Artur Nils Lundkvist
Lundkvist, Artur Nils
Born Mar. 3, 1906, in Oderljunga, Skåne Province. Swedish writer and social figure. Member of the Swedish Academy since 1968. Son of a peasant.
Lundkvist’s first collection of poetry was Heat (1928). He participated in the poetry group Fern unga (“the Five Young Ones”), which proclaimed the principles of “primitivism,” in the tradition of which were written the verse collections Black City (1930) and White Man (1932): in these works the striving for the truth of life breaks through the modernistic form. In the collection Naked Life (1929) the theme of the workers occupies an important place. The influence of Freudianism and French surrealism is felt in Lundkvist’s work of the second half of the 1930’s; in the novel The Rivers Flow Toward the Sea (1934) and the poetry collections Bridges of the Night (1936) and Song of the Siren (1937), motifs of loneliness and pessimism appear. In the late 1930’s and early 1940’s, Lundkvist wrote essays about the literature of France, the USA, and Latin America.
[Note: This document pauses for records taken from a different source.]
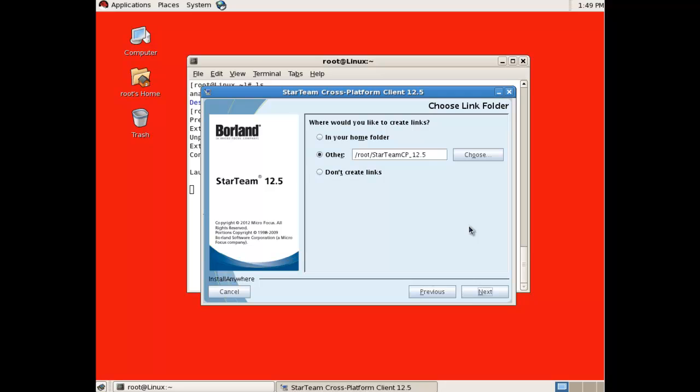Choose the path where you would like to create links. This is the equivalent of shortcuts in Windows and is used to launch the client more conveniently than browsing to the full installation location.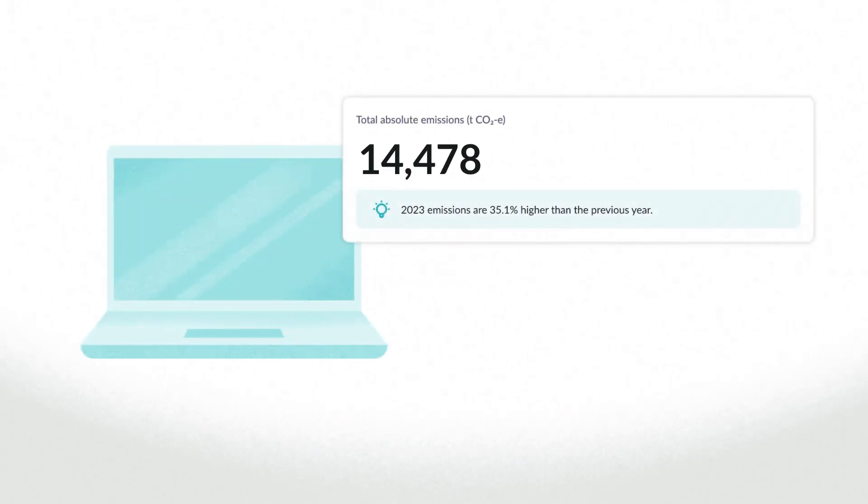As an enterprise-grade carbon management platform, calculating emissions is a key part of our offering, and emissions factors are a key part of calculating emissions.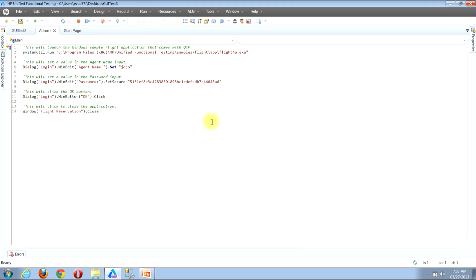I'll now show you the first example of how to open the object repository using the menu bar from within the main QTP window. Look near the top of the window and locate the button that says Resources. Once you find it, click it. Then look for the button that reads Object Repository and click it.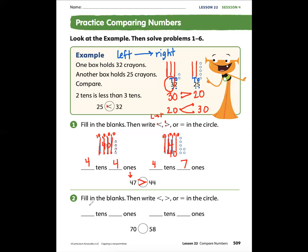Problem number two says: fill in the blanks, then write less than, greater than, or equal in the circle. Blank tens and blank ones, blank tens and blank ones — 70 blank 58. Remember to look at your place value. Let's make our place value chart. We have tens and we have ones. Here we have the number 58 with tens and ones, and because we read from left to right, we look at the greatest place value first.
Modernist tendencies are characteristic of many of Lundkvist’s postwar poems and short stories, such as the fantastic parody Malinga (1952) and, to some extent, the novels Out of a Populated Solitude (1958) and The Experiences of Orian (1960). The poetry collection Life Like Grass (1954), the novels Vinding Waltz (1956) and Comedy in Hígerskog (1959), the collection of prose poems The Talking Tree (1960), the narrative poem Agadir (1961), and the collection of short stories Side by Side (1962) are characterized by an intensification of realistic tendencies and an interest in social problems.
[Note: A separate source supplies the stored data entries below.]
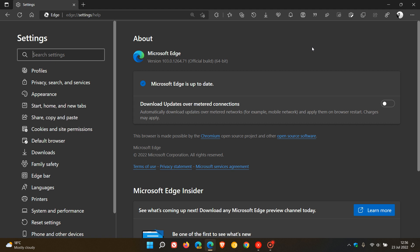This update started rolling out on the 22nd of July, which was late yesterday in my region. I received my update this morning on the 23rd.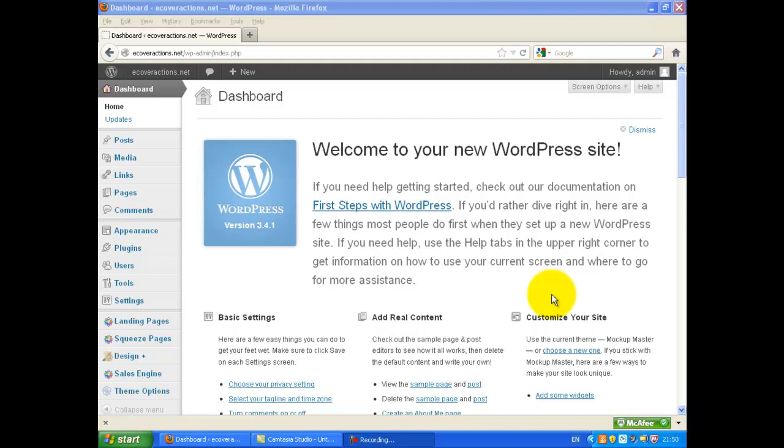In this video, I'll show you how to create pages with the WP Sales Engine plugin.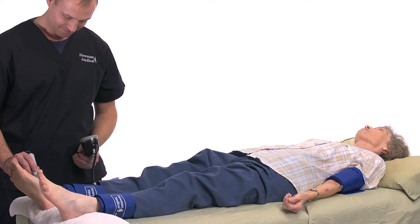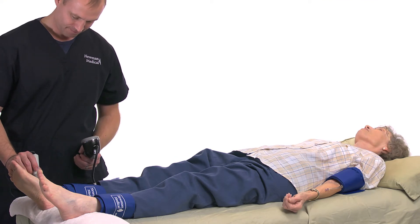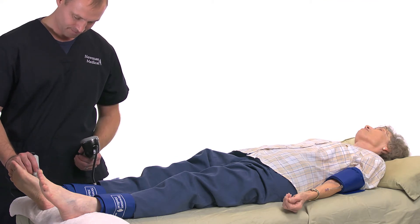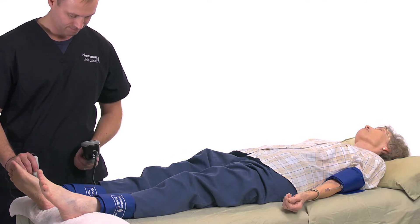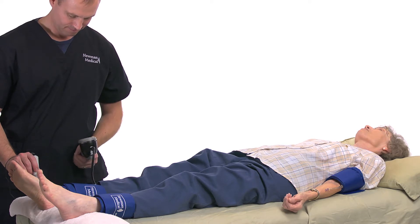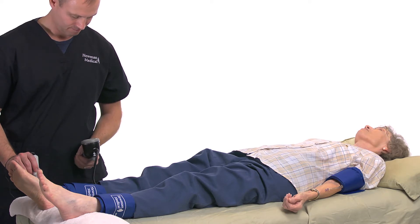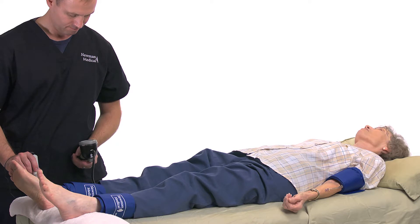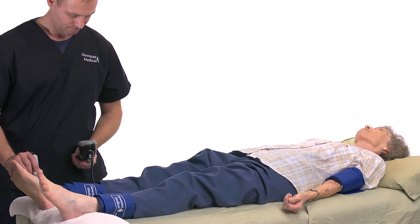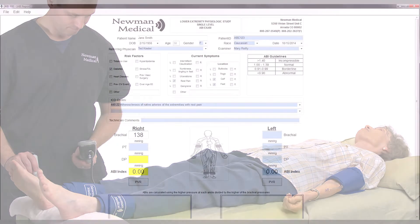Release the pressure in the cuff and move the aneroid to the ankle cuff. At the dorsalis pedis, DP, field, take an ankle pressure using the Doppler probe on the DP artery on top of the foot. When blood flow returns, note the pressure and enter in the DP field.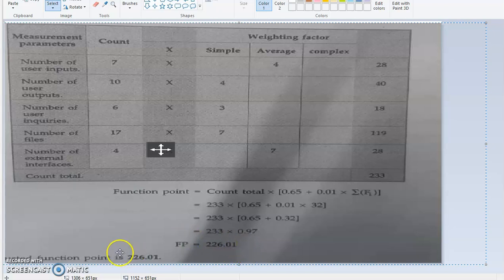In this way, you have to calculate the function point. Thank you for watching this video.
Lundkvist has also written travel books, including Indian Fire (1950), Poppies of Tashkent (1952), and Volcanic Continent (1957; Russian translation, 1961) about South America. Lundkvist turned to national history in the novel The Life and Death of a Free Shooter (1968) and the epoch of Mongol conquests in the novel The Will of Heaven (1970). Lundkvist is the vice-president of the World Peace Council (since 1950). He was awarded the International Lenin Prize for the Strengthening of Peace Between Peoples in 1958.
WORKS
Dikter, 1928-1954. Stockholm, 1956.Texter i snön. Stockholm, 1964.
Mörkskogen. Stockholm, 1967.
Langt borta, mycket nära. Göteborg, 1970.
Antipodien. Stockholm, 1971.
Tvivla, korsfarare. Stockholm, 1972.
In Russian translation:
Govoriashchee derevo: Izbr. stikhi. Afterword by N. I. Krymova. Moscow, 1964. [“Rasskazy.”] In the collection Shvedskaia novella XIX-XX vv. Moscow, 1964.
Zhizn’ i smert’ vol’nogo strelka. Foreword by A. S. Kan. Moscow, 1972.
REFERENCES
Afinogenova, A. A. “O poezii A. Lundkvista.” In Skandinavskii sbornik IX. Talinn, 1964.Matsevich, A. “Artur Lundkvist—romanist.” Izvestiia AN SSSR: Seriia literatury i iazyka, 1967, issue 2.
Neustroev, V. P. “Shvedskaia literatura: A. Lundkvist.” In Istoriia zarubezhnoi literatury posle Oktiabr’skoi revoliutsii, part one. [Moscow] 1969.
Besök i barndomen. Edited by Åke Lindström. Stockholm, 1956.
Espmark, K. Livsdyrkaren A. Lundkvist. Stockholm, 1964.